The Promise of Canada opens with the lesser-known member of the MacdonaldCartier duo, Sir George-Étienne Cartier. Gray probes and pokes at the grand Confederation bargain, crediting him with entrenching regional and linguistic diversity as a core value in the Constitution. “What an incredible juggling act! Cartier … ensured that the new country of Canada was a political unit in which different peoples could cohabit and protect their own culture.”

Canadian social norms, notably the embrace of “peace and order,” are viewed through a lively account of the career of Sam Steele, Mountie extraordinaire. And she selects Emily Carr, not Lawren Harris or any other Group of Seven icon, as the visual artist who conveyed a new sensibility towards place, landscape, and Indigenous recognition.

The chapter on the political economist Harold Innis is a model of concise biography. Gray argues that his writings swayed later generations in their understanding that “Canada is the product of four centuries of intensive labour rather than a few years of constitutional negotiation.”
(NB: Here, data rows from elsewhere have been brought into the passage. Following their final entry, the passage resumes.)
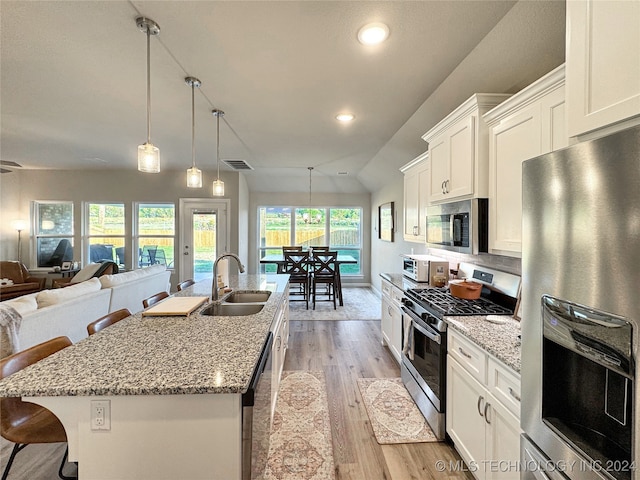 kitchen with lofted ceiling, light hardwood / wood-style flooring, appliances with stainless steel finishes, a kitchen bar, and a center island with sink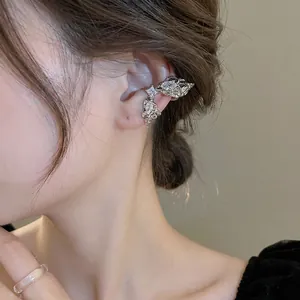 Silver lava style ear cuff with marquise zircons shown on model's ear in close-up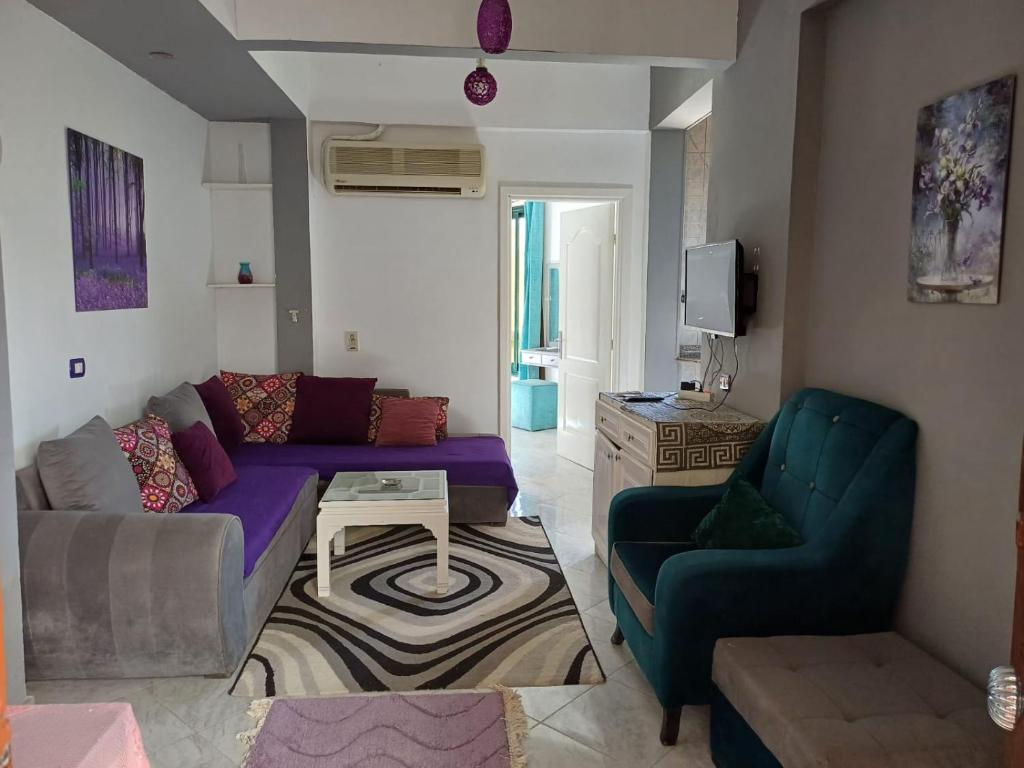- un salon avec un canapé violet et deux chaises dans l'établissement Holiday Apartment in Sunshine - Naama Bay, à Charm el-Cheikh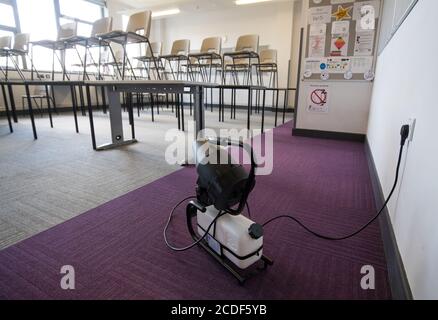 Eine Nebelmaschine, die ein ganzes Klassenzimmer desinfizieren kann, wird in einem Klassenzimmer der Ark Charter Academy in Portsmouth aufgestellt, da die Vorbereitungen vor Beginn des neuen Semesters getroffen werden. Stockfoto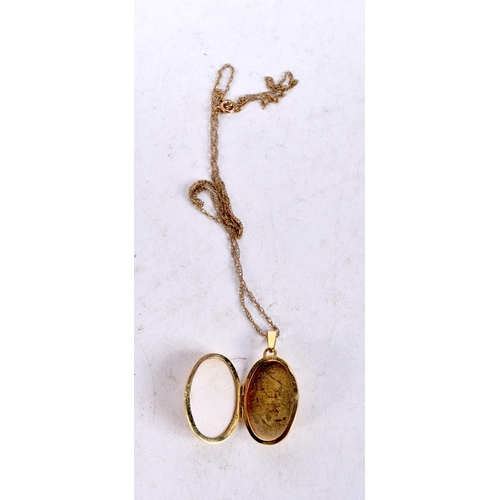 1393 - A 9CT GOLD LOCKET. 3.6 grams. 48 cm long, pendant 3 cm x 1.5 cm.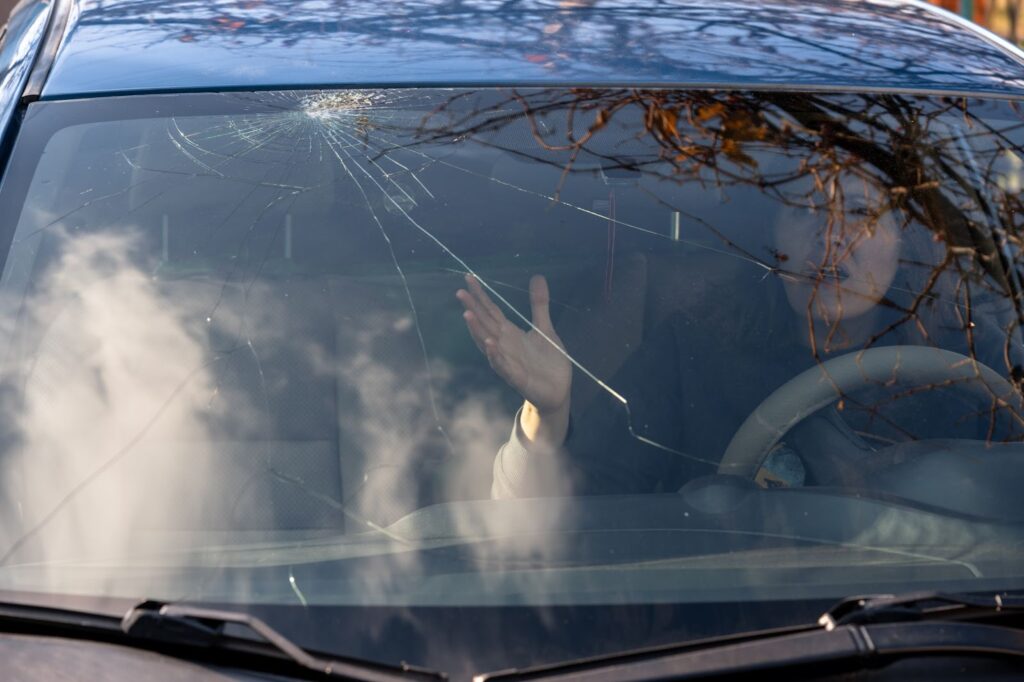 A woman sits in the drivers seat of a car, with cracked windshield undergoing auto glass replacement for vehicle glass repairs.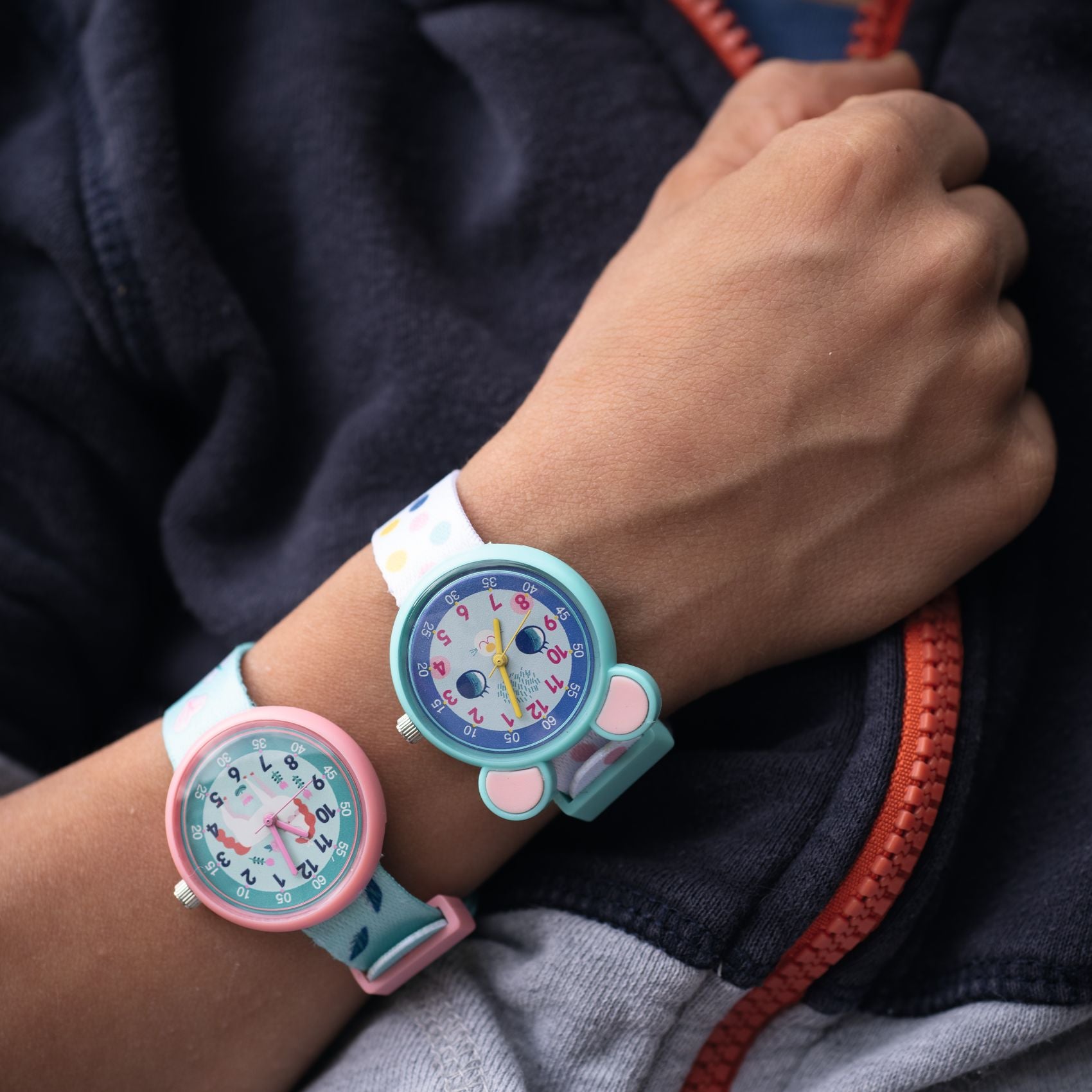Two colorful children's watches on a person's wrist with a dark jacket background.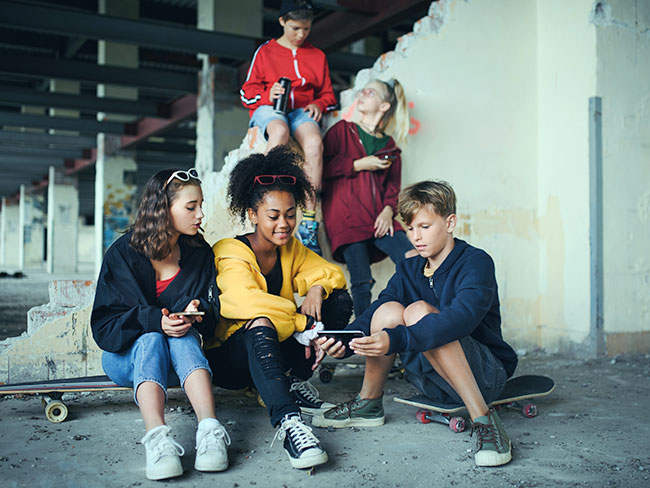 组的青少年在一个废弃的建筑,使用智能手机。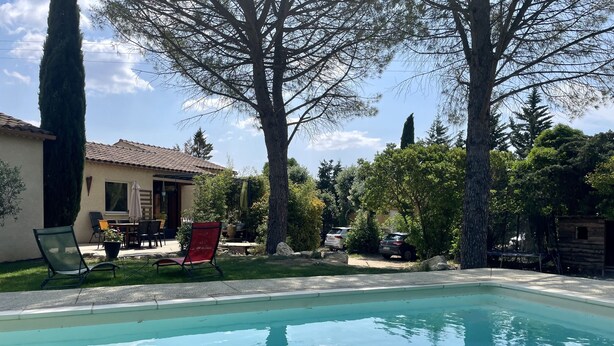 A swimming pool with a patio area, a dining table, and chairs.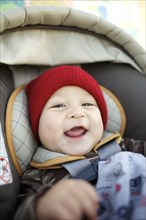 Grinning mixed race baby in car seat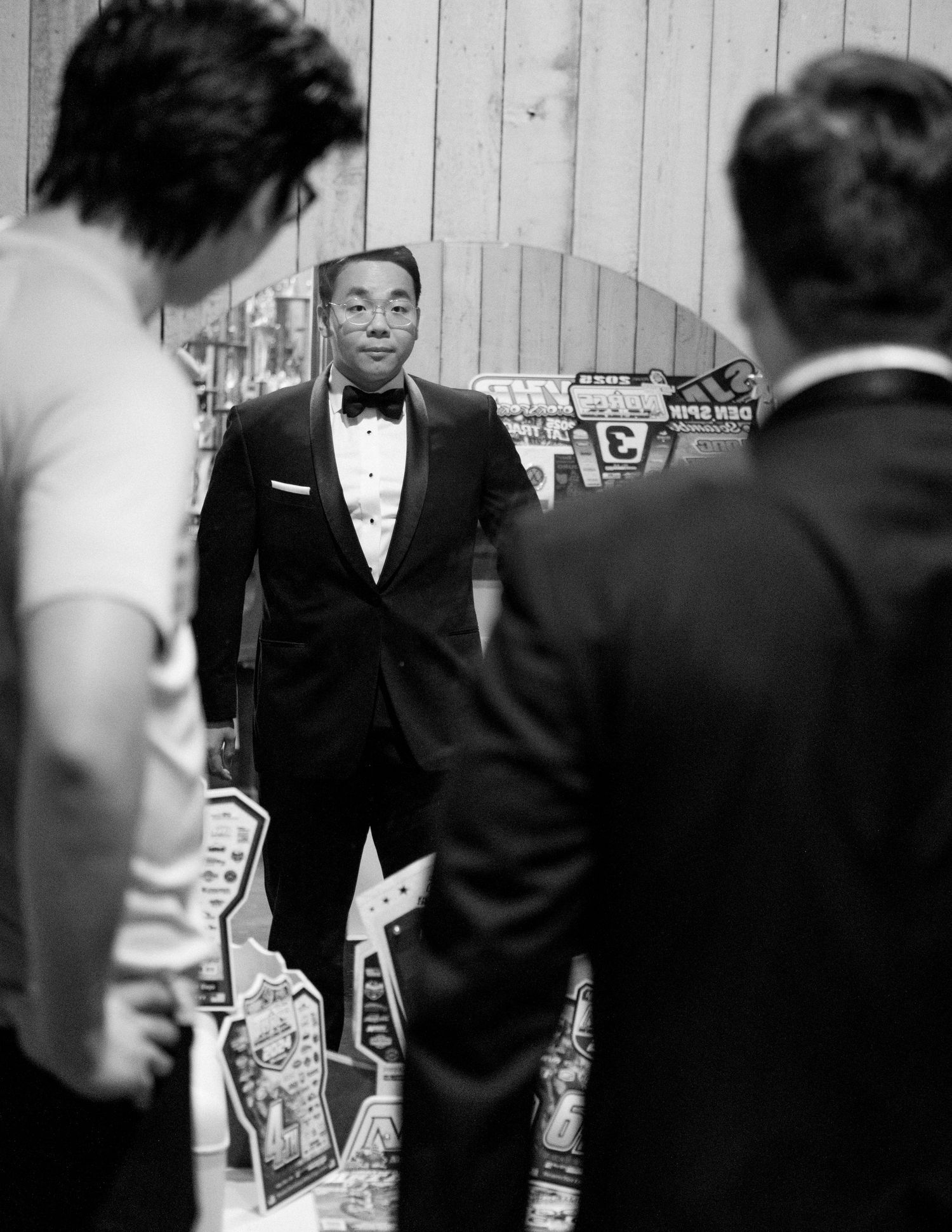 Three men in formal attire, including one in a tuxedo with bow tie, socializing at an elegant black and white event.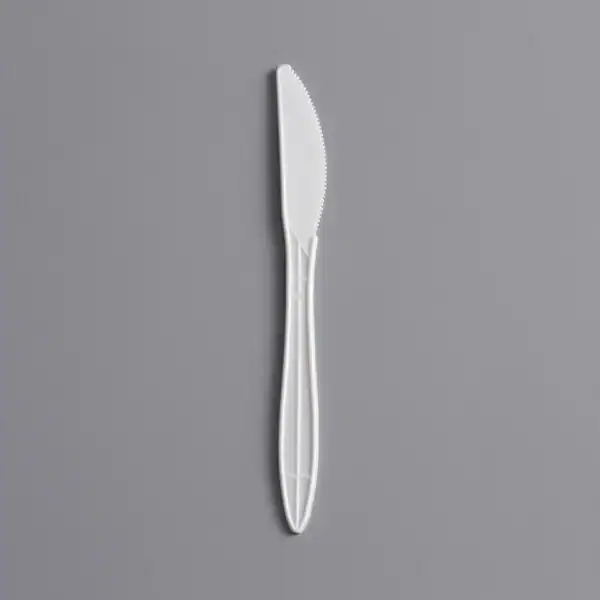 Plastic Knife Stainless steel butter knife on gray background, clean and hygienic utensil for food service.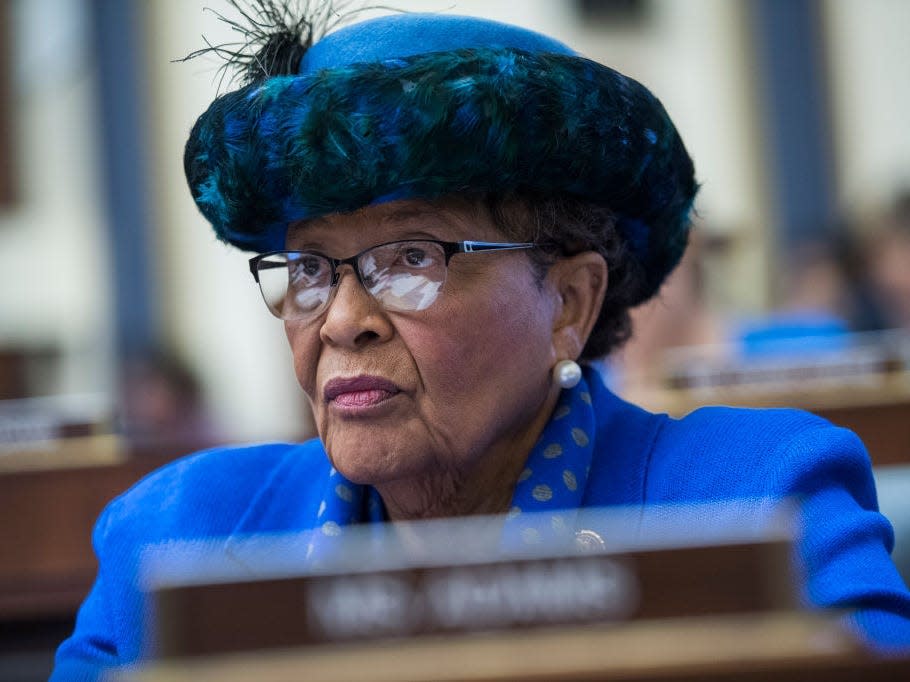 Alma Adams wears a blue hat with a feather in a congressional meeting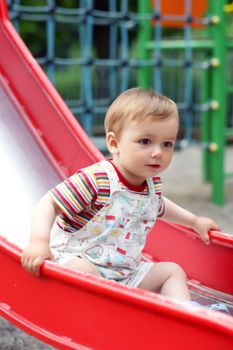 Cute little boy  come down from the children`s slide. Summer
In similar fashion, her chapter on Tommy Douglas describes how, through his lifetime of political service, he persuaded Canadians “to adopt a different vision of society, and to prefer co-operation to survival-of-the-fittest individualism.”

This approach shows off her core method: Biography can illuminate the forces that shape the elusive thing we call identity. Gray positions her selected personalities within their contexts, emphasizing that people make history. Even though they do not choose their circumstances, they can choose how to act.

We can sense Gray’s pleasure as she searched through archival and gallery collections, resulting in a well-illustrated volume with relevant colour plates and photographs. Her texts include a good dose of autobiography. She emerges from the authorial shadows, frankly sharing personal opinions and immigrant memories.

When the book’s personalities are more contemporary, Gray shifts towards magazine-style reportage. Her interview with Margaret Atwood feels like a documentary. Tough questions are raised: “Why was this country’s artistic life so stunted” until the 1950s? Or, “What characterizes CanLit today?” But we don’t get definitive answers. Our cultural voices are changing and expanding, thanks in part to Atwood, who “gave us confidence in our collective imagination.”

Gray reports on the differing views of Phil Fontaine, Douglas Coupland, Shad Kabango, Lise Bissonnette, Preston Manning, and others. Clear conclusions don’t emerge, with many issues still up in the air. While she is optimistic about “Canada’s endless ability to adapt to changing realities,” she is clear-eyed about the difficulties — notably including how to improve conditions and social attitudes affecting Indigenous peoples.

This is a daring book, not just a comfortable celebration. It echoes an innovative exhibition installed at the Canadian Museum of Civilization in 2008, which focused on historic personalities and their impacts. A similar exhibition was created at Calgary’s Glenbow Museum, looking at “mavericks” in Alberta’s growth.

Making selections inevitably raises questions. I am disappointed that no one from modern Quebec is featured: There’s no René Lévesque, Jean Lesage, Jean Drapeau, or Maurice Duplessis, despite their profound influence. Do sensitive writers still view this country as “two solitudes”?

I also wonder if Manning was the best choice to explain Western regional interests and contemporary conservatism. Surely Peter Lougheed or Stephen Harper had greater impacts?

But these questions did not reduce my pleasure in reading the book, from cover to cover. It felt as if Charlotte Gray had dropped by for a good chat. She is personal, provocative, and so wellinformed — and her latest book offers a first-class experience for this 150th anniversary year.